Case ID: so2d_889/html/0827-01.html
Source: Caselaw Access Project
Author: {"author": "BERNSTEIN, SCOTT M., Associate Judge.", "license": "Public Domain", "url": "https://static.case.law/"}
Date Created: 2024-08-24T03:29:51.129683

Miguel MIJAREZ, Appellant, v. STATE of Florida, Appellee.
    No. 4D02-3534.
    District Court of Appeal of Florida, Fourth District.
    Aug. 18, 2004.
    Rehearing Denied Jan. 11, 2005.
    
      Carey Haughwout, Public Defender, and Jeffrey L. Anderson, Assistant Public Defender, West Palm Beach, for appellant.
    Charles J. Crist, Jr., Attorney General, Tallahassee, and Jeanine M. Germanowicz, Assistant Attorney General, West Palm Beach, for appellee.
   BERNSTEIN, SCOTT M., Associate Judge.

The State charged twenty-year-old Mija-rez with one count of lewd and lascivious battery of a fourteen-year-old girl, and two separate counts of lewd and lascivious molestation, all in violation of section 800.04 of the Florida Statutes.
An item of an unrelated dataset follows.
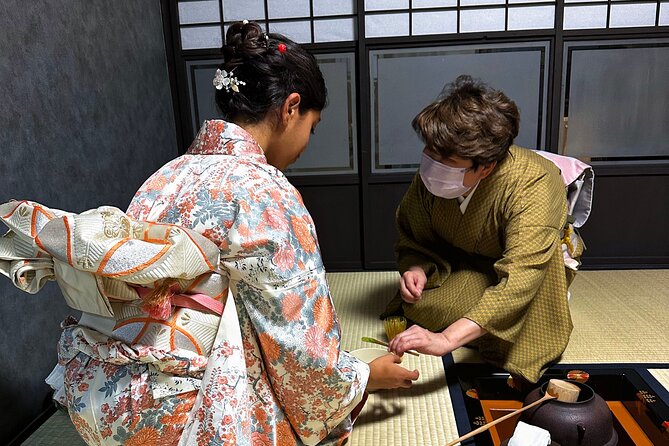 KYOTO Tea Ceremony with kimono near by Imamiya Jinjya Shrine - Seasonal sweets, matcha, and your turn at the bowl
The jury found Mijarez guilty on all three counts. He was sentenced as a prison releasee reoffender to serve concurrent terms of fifteen years imprisonment on each count. Because we find all three counts arise from the same criminal episode, we reverse the two convictions for lewd and lascivious molestation.
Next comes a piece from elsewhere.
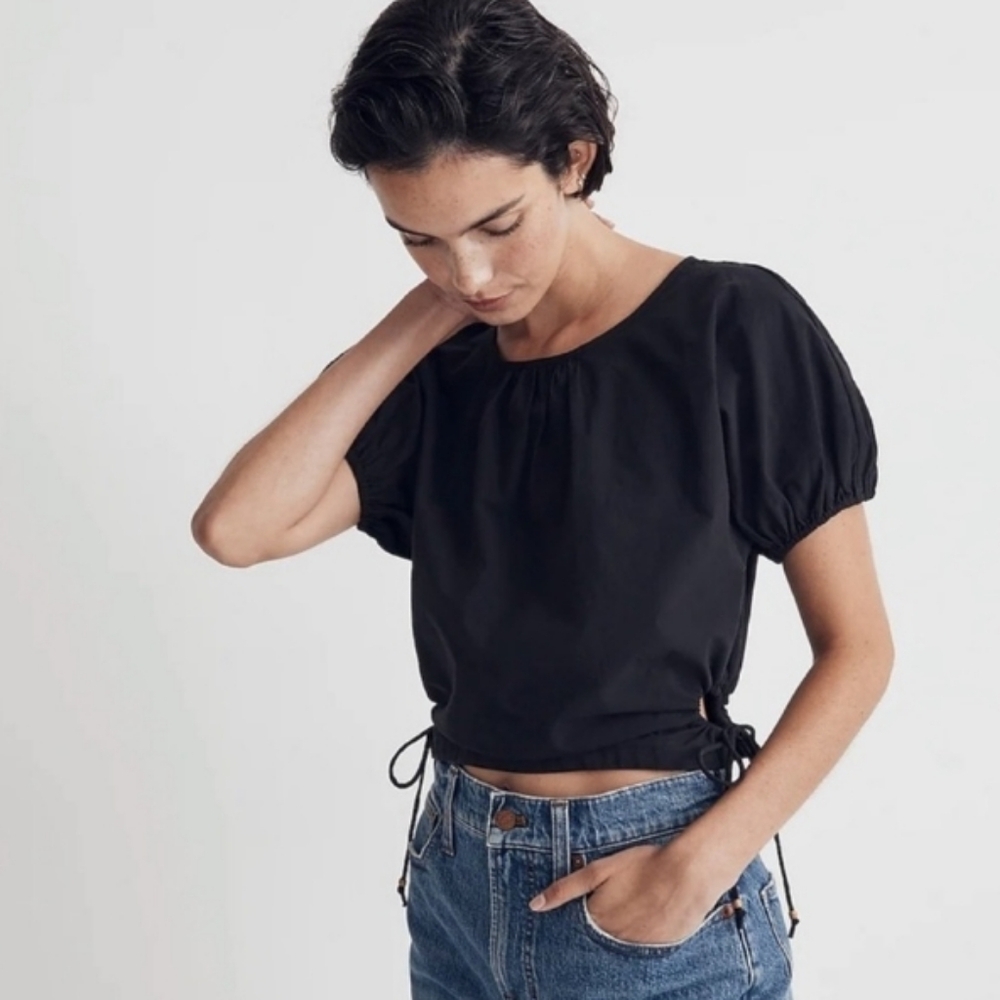 Madewell Poplin Puff Sleeve Cutout Cropped Top Cotton Black Medium Women…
Mijarez met the girl at a convenience store across the street from her high school. He asked her to go back to his house and she agreed. They went into his bedroom, spoke for a few minutes and began kissing. Mijarez fondled her, helped her disrobe, and had intercourse with her. The State separated this incident into three counts, one for lewd and lascivious battery, and two counts for fondling different parts of the girl’s body.
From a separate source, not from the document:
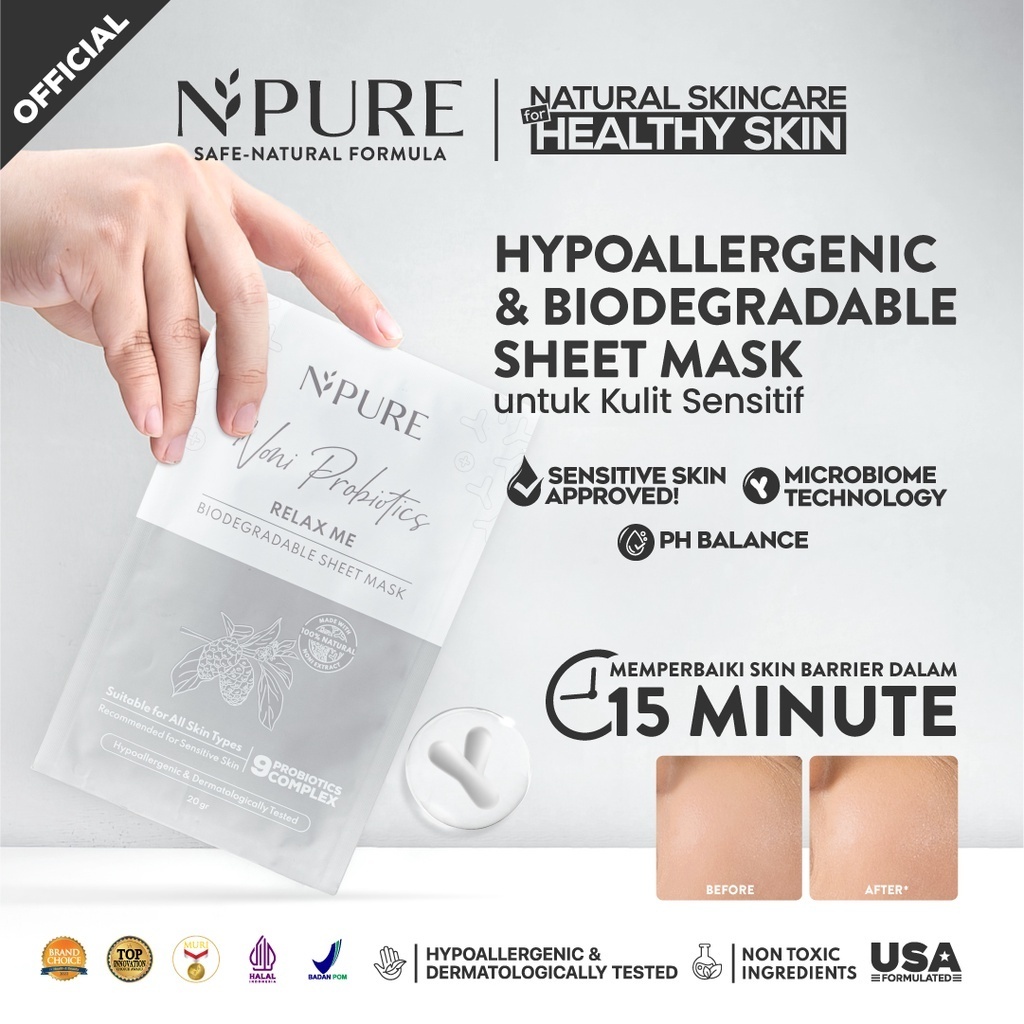 Jual NPURE Sheet Mask Noni / Relax Me / Masker Wajah Kulit Sensitif ...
In Coffield v. State, 872 So.2d 430 (Fla. 4th DCA 2004), this Court recently reversed multiple convictions and sentences for lewd and lascivious behavior during a single sexual assault. Relying on Eaddy v. State, 789 So.2d 1093 (Fla. 4th DCA 2001), we considered the spatial and temporal aspects of the surrounding circumstances and determined that the defendant did not have time to “pause, reflect, and form a new criminal intent between occurrences.” Id. at 1095. The same analysis applies here. It cannot possibly be said that Mijarez paused, reflected, and formed a new criminal intent each time he touched this girl during this one sexual encounter. Therefore, multiple convictions and sentences here are improper.

We are unpersuaded, however, by Mija-rez’s other issues raised on appeal. Therefore, we reverse the convictions on Counts II and III, affirm the conviction on Count I, and remand with instructions to reconsider sentencing in light of the reversals.

POLEN and MAY, JJ., concur. 
      
      . Courts around the state have used a similar analysis to reach the same result. See Cabenela v. State, 871 So.2d 279 (Fla. 3d DCA 2004); King v. State, 834 So.2d 311 (Fla. 5th DCA 2003); Moman v. State, 811 So.2d 714 (Fla. 2d DCA 2002).